CNR is one of the image assessments under mammography. The CNR value cannot be obtained without using phantom. On the other hand, AGD appears on the mammography monitor under FFDM. This value can be easily obtained. Thus, applying the computation expression obtained under this research will enable us to easily obtain the CNR from the AGD value in real time immediately after mammography. Originally, the MMG observer used to make subjective evaluations based on the image contrast and noise. However, having the CNR value will enable more objective observations of images and this is anticipated to improve the diagnostic performance of cancer.

5. Conclusions

In this investigation we demonstrated that CNR varies inversely with mammary gland to fat tissue ratio and breast tissue thickness, which explains the clinical observation of poor MMG image quality in dense breasts. We also demonstrated a significant correlation between the CNR and the AGD based on the tissue ratio and developed a predictive formula for CNR using AGD and mammary gland density.
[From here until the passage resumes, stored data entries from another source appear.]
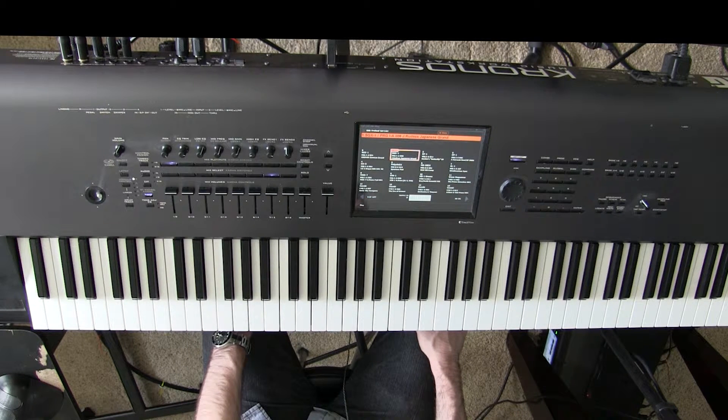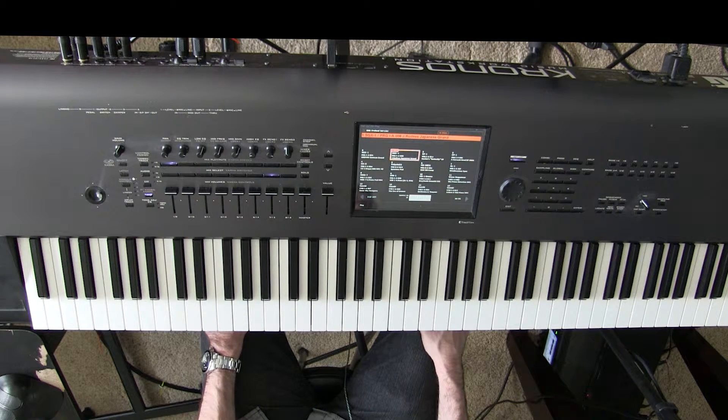Hey guys, Cory Mast here. Today I'm going to be teaching you how to play the piano part to Demi Lovato's Stone Cold. This one's actually pretty easy — it just has a few chords to it and a lot of the parts repeat. So let's begin.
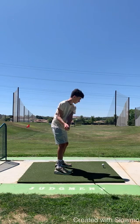Step three is half swing. We don't take half swings with the driver, but we'll go ahead and pause here to show that you're in a good position. Perfect.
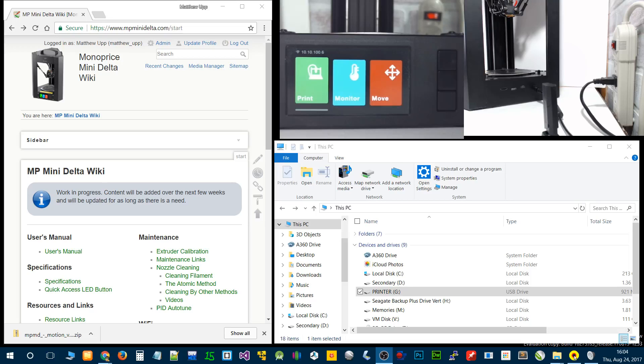Hello MP Mini Delta owners. This video is going to be about how to update the motion controller firmware on your Monoprice MP Mini Delta 3D printer.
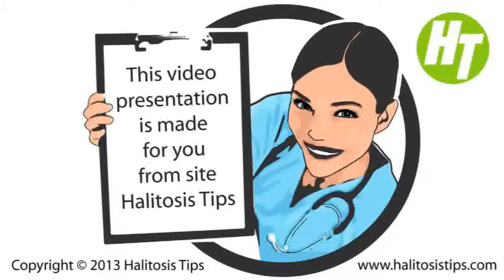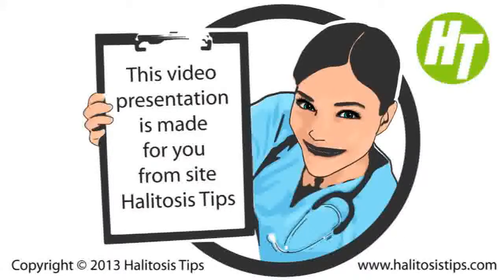Lick the back side of the hand. Allow that to dry for around 15 seconds and then smell it. In case you observe a smell, you might have a bad breath problem, since the saliva from the tongue is transferred to the back side of the hand.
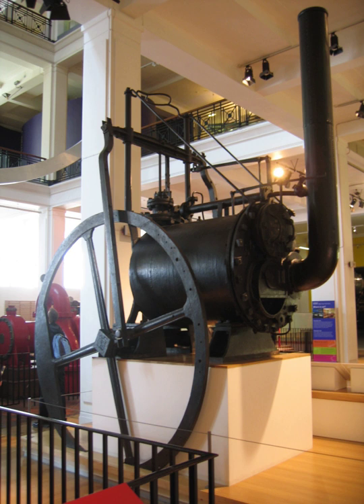Trevithick's first high-pressure engines from 1801 onwards, including his locomotives, used the return connecting rod layout in both horizontal and vertical arrangements. The cylinders were embedded within the boiler to avoid heat loss, and the short boiler also formed the frame of the engine. This made the return connecting rod a natural layout, with the crankshaft at the opposite end of the boiler from the crosshead. The paired connecting rods were relatively simple components, and they allowed the crankshaft to use two simple overhung cranks on the ends of the shaft rather than a complex forged crankshaft with an internal crank, which was a valuable simplification.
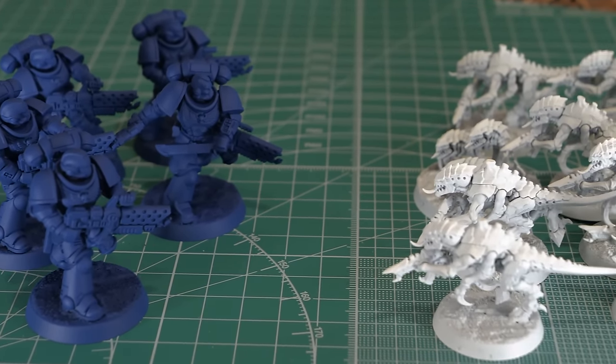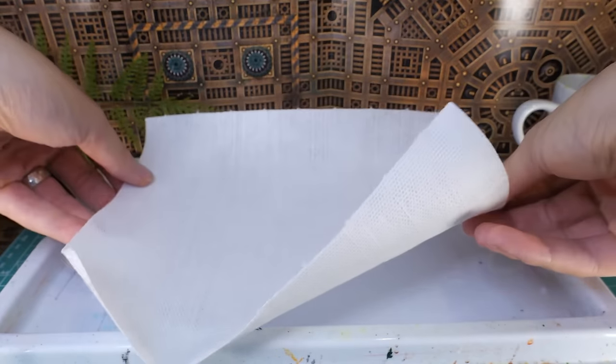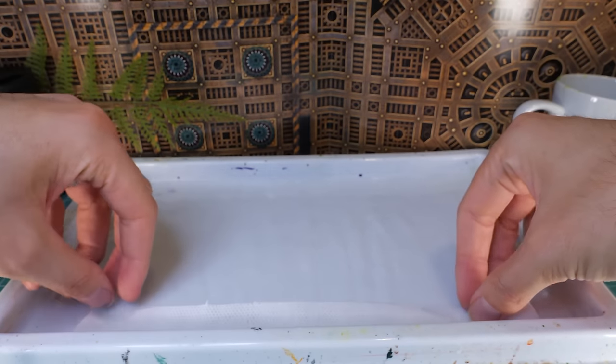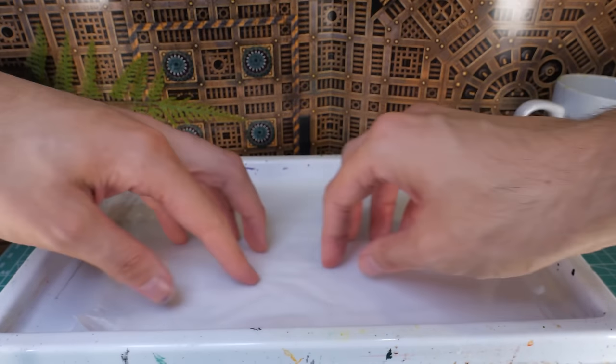I'm going to be using a wet palette to paint these models. First, wet the tray, then add some kitchen roll to absorb the water, and finally some baking paper, which you can find in pretty much any grocery store.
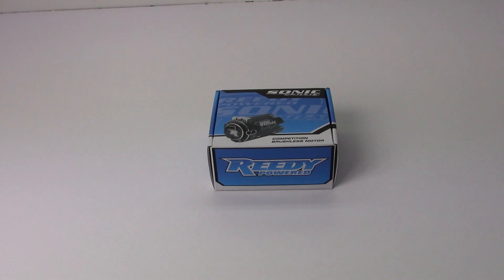Rich here from the RC Network and this is going to be a fresh unboxing of the all-new Reedy Sonic 540 M3 motor. This is Reedy's brand new Mach 3 or M3 version of their motor that has made them pretty famous in past years. It's a competition brushless sensored motor, 540 sized, so pretty much intended for 1/10th scale vehicles.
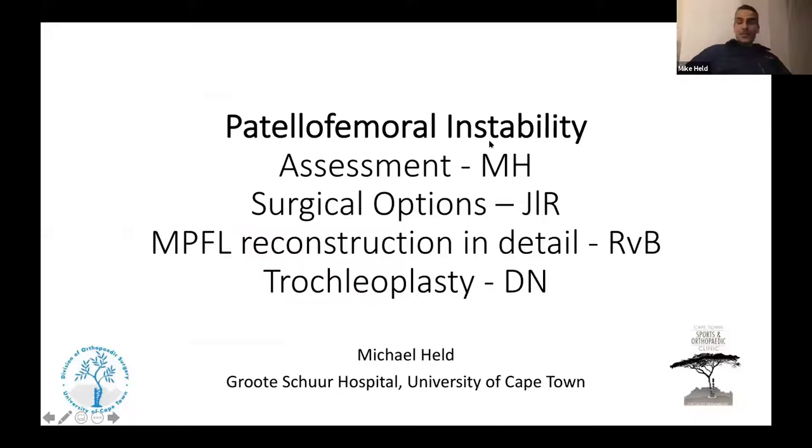The topic today is patellofemoral joint, narrowed down to patellofemoral instability to keep enough detail. The plan is to focus on instability: a basic assessment of the patellofemoral joint, then Johan will speak about different surgical options — the key term being 'à la carte surgery' — and later the group will discuss when to use which procedure.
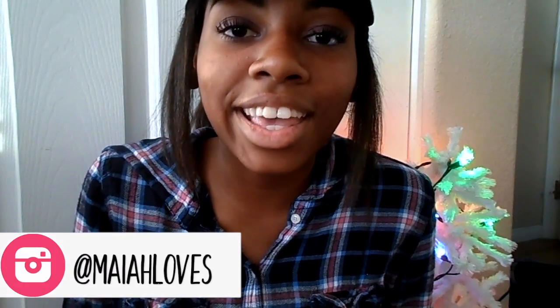Hey guys, it's Maya. Welcome back to my channel. In today's video, I'm going to be showing you guys how to make some DIY Christmas gifts. These are perfect for anyone in your family, in your life. These are great DIYs to make, and they're also really fun to make as well.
CNR prediction based on the tissue ratio could be used as a yardstick to measure the diagnostic reliability of MMG in breast cancer, objectively control for the effect of mammary gland ratio on image quality, and improve the reliability of diagnosis that is otherwise subjective.

Data Availability

The imaging and other data used to support the findings of this study are included within the article.

Conflicts of Interest

The authors declare that they have no conflicts of interest.

Acknowledgments

The authors received guidance from Dr. Itsuko Okuda, a faculty Professor at their institution (Graduate School of Health Science, Suzuka University of Medical Science).